Northumberland Archives at Woodhorn Museum, near Ashington, includes objects, paper records, audio and film, maps, photographs and artworks from councils, landowners, busnesses, individuals and the Diocese of Newcastle.

But the wealth of historical images and information is an unknown quantity for most people.

Now Woodhorn has taken on Oxford-based Chris as its first guest curator to tempt people to explore and enjoy what the archives have to offer.

Five years ago Chris launched his Retronuat website, which displays 30,000 pictures which challenge people’s view of the past.

The website has up to 100,000 page views per day and 200,000 Facebook fans.

Chris chose the name of retronaut to describe a time traveller into the past.

He said: “Archives are like a department store without a shop window. There are a huge number of items inside but people passing by are not going to call in.

“It is about creating a real, or an imaginary, shop window.”

Chris plans to select items from the archives for the “window” to encourage people to delve into the archives.

“It’s like looking for hit singles for the radio, with people listening to the album later,” he said.

“The past is sometimes seen as a dusty, obscure and over-and-done-with place but we should see it from a time travel view as a fascinating place to explore.”


An exhibition on what Chris finds will be staged in the autumn.

On the images chosen for the Retronaut site, Chris said: “We tend to think of Victorians as stern and stuffy but because the exposure time for early photographs was so long they had to pose stiffly or blur the picture.

“But I show later images of smiling Victorians.

“We also think of the past in black and white but early colour photographs look like now, or a different version of now.”

The Woodhorn project involving Chris is supported by the Esmée Fairbairn Collections Fund, run by the Museums Association.  

His role at Woodhorn will be to find new ways to share some of the fascinating and unique content from the Northumberland Archives collections with a wider audience who may have never before considered visiting a museum or archive.

Keith Merrin, director of Museums and Archives Northumberland, said: “Archives remain one of the best kept secrets of the heritage sector. 

“They contain amazing records covering all aspects of life in the communities around the UK but many people are unsure how to access them or what they contain.

“At Woodhorn and our other museums in Northumberland we have a brilliant track record of enthusing people about their local history and we are keen to find new ways of making sure that our archive collections can also reach the widest possible audience.

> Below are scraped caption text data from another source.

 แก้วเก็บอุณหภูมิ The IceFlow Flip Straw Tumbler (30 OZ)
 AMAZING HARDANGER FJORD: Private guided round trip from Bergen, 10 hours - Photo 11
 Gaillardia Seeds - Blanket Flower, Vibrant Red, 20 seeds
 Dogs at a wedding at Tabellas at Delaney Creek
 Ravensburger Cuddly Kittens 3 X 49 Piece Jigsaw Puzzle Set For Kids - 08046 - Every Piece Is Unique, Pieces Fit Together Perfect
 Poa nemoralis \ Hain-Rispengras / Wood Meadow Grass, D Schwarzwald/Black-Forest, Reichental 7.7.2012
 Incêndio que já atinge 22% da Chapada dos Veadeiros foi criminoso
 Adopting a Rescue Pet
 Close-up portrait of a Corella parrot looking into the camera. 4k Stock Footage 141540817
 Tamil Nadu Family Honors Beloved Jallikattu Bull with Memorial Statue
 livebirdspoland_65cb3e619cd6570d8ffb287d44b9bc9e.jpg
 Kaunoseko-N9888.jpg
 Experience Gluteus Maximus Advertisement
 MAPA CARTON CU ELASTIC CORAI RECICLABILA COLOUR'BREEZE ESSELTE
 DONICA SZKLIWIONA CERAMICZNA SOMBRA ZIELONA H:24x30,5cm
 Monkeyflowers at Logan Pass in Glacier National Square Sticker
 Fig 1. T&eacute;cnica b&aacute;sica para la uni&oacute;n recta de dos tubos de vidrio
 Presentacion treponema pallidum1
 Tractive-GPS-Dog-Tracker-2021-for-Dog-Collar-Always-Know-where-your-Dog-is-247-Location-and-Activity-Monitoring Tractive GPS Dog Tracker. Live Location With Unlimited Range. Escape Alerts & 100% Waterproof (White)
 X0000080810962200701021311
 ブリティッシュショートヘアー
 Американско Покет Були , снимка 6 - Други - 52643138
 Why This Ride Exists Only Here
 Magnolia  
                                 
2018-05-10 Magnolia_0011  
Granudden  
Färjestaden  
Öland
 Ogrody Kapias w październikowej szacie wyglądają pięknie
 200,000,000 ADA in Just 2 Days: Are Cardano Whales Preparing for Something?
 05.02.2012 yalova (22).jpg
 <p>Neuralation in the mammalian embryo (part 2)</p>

“Through his Retronaut work Chris has established himself as a leader in terms of bringing archives to audiences that otherwise would never see them.

“The archives belong to local people and whatever their interets, there will be something in the archives which relates to them.”

Chris said: “Before I was a full time Retronaut, I worked in the museum and archive world for the best part of a decade, so to be able to put Retronaut directly at the service of museums and archives – and as inspiring and comprehensive as Museum and Archives Northumberland – is a dream come true.”